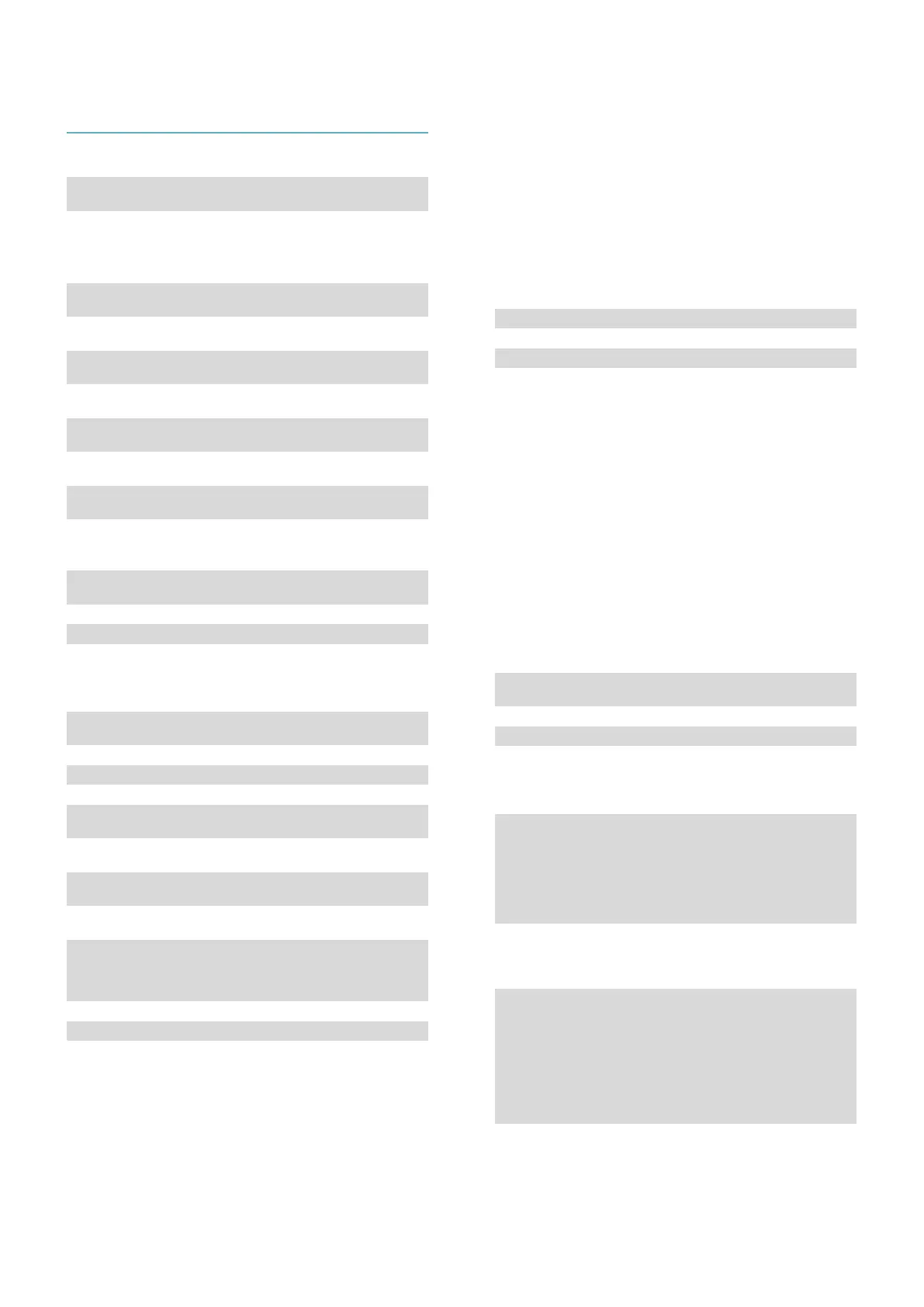 Page #79 background image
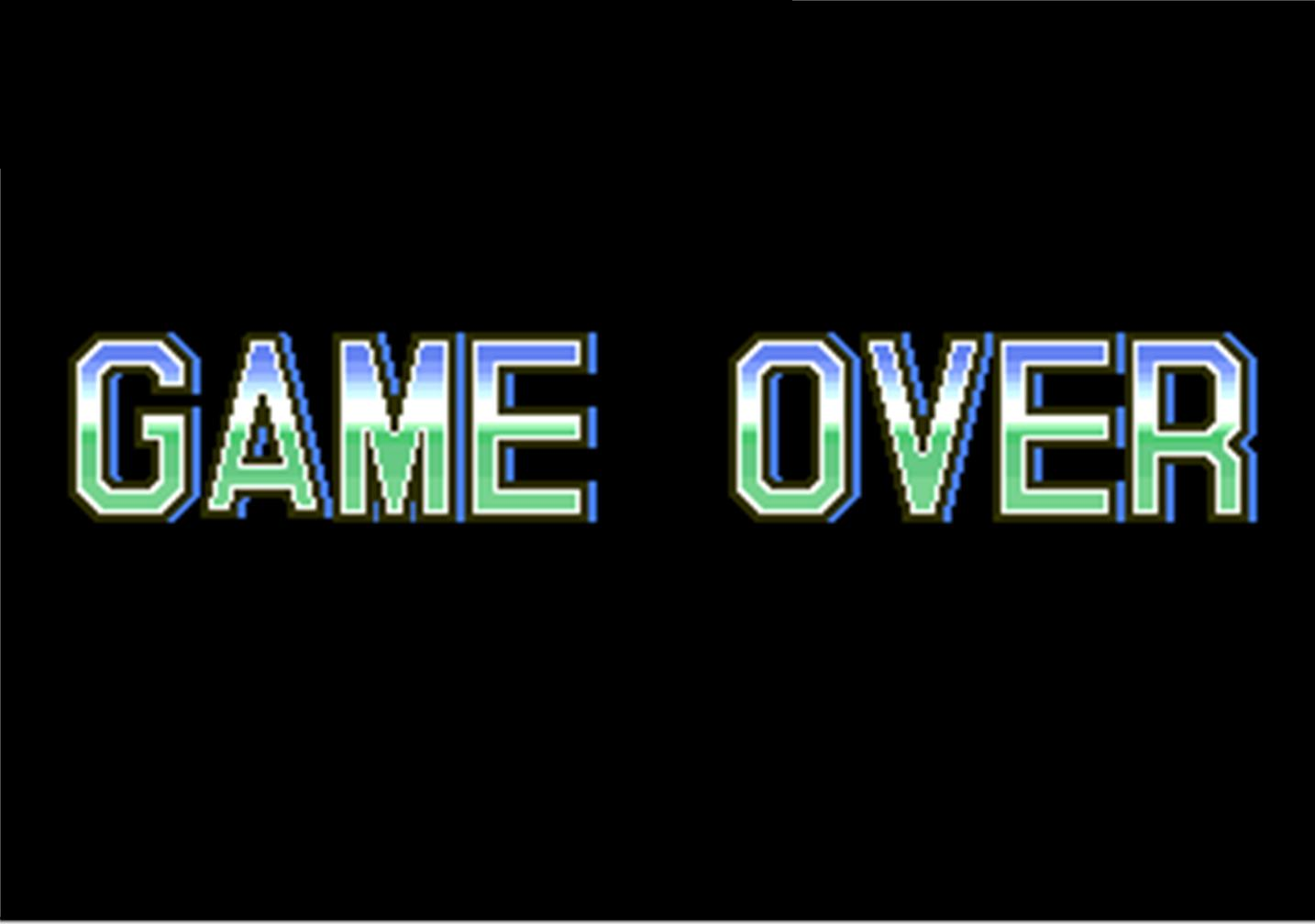 Игры гейм овер. Экран game over. Конец игры картинка. Фото game over. Game over 2д.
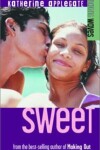 Book cover for Sweet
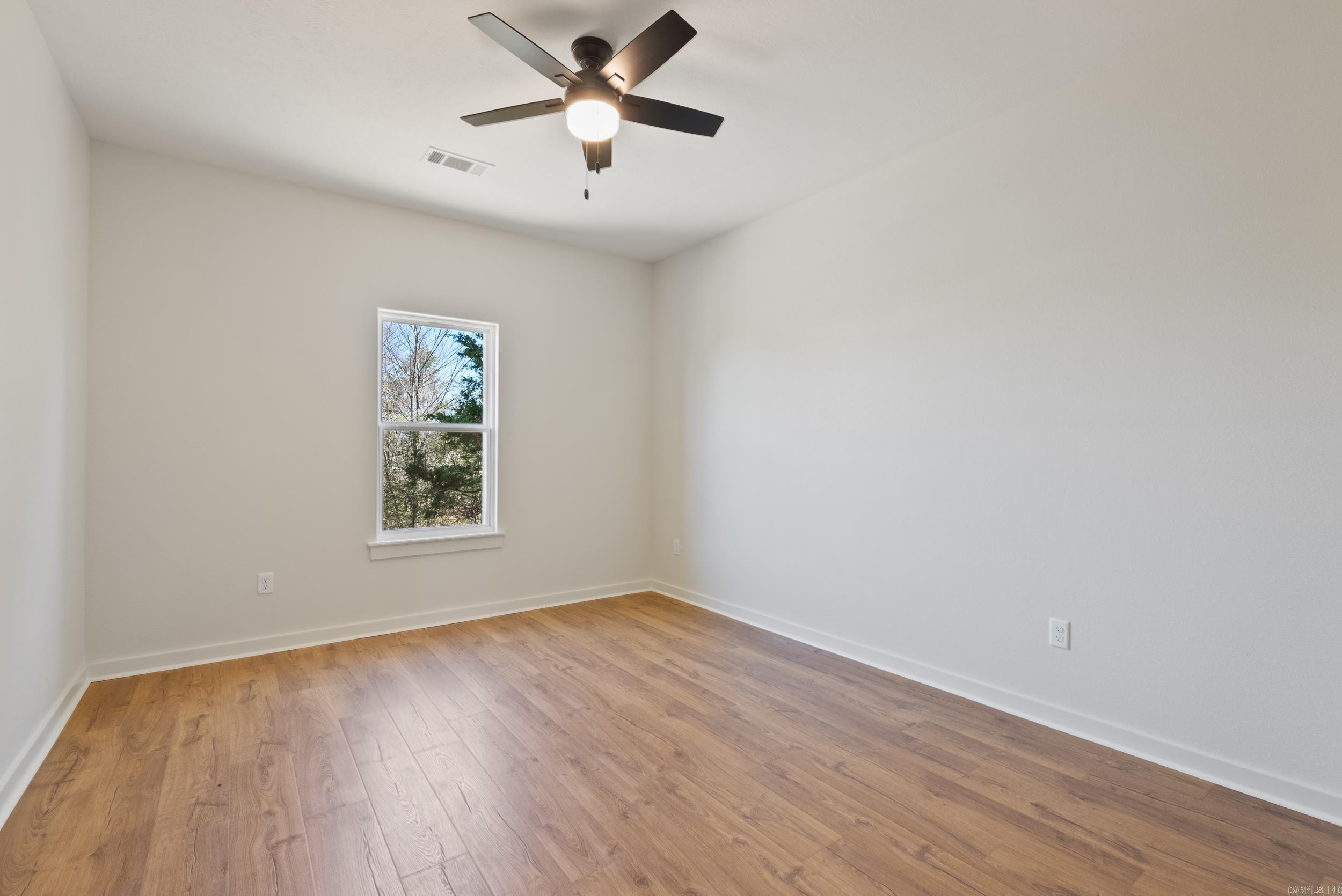 SUMMERLYN SUBDIVISION - Residential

**EXERCISE:**
Please write out all of the material above without changing a word, and omit any pictures.

**EXERCISE SOLUTION:**
 Page #79 background image
 Игры гейм овер. Экран game over. Конец игры картинка. Фото game over. Game over 2д.
 Book cover for Sweet
 SUMMERLYN SUBDIVISION - Residential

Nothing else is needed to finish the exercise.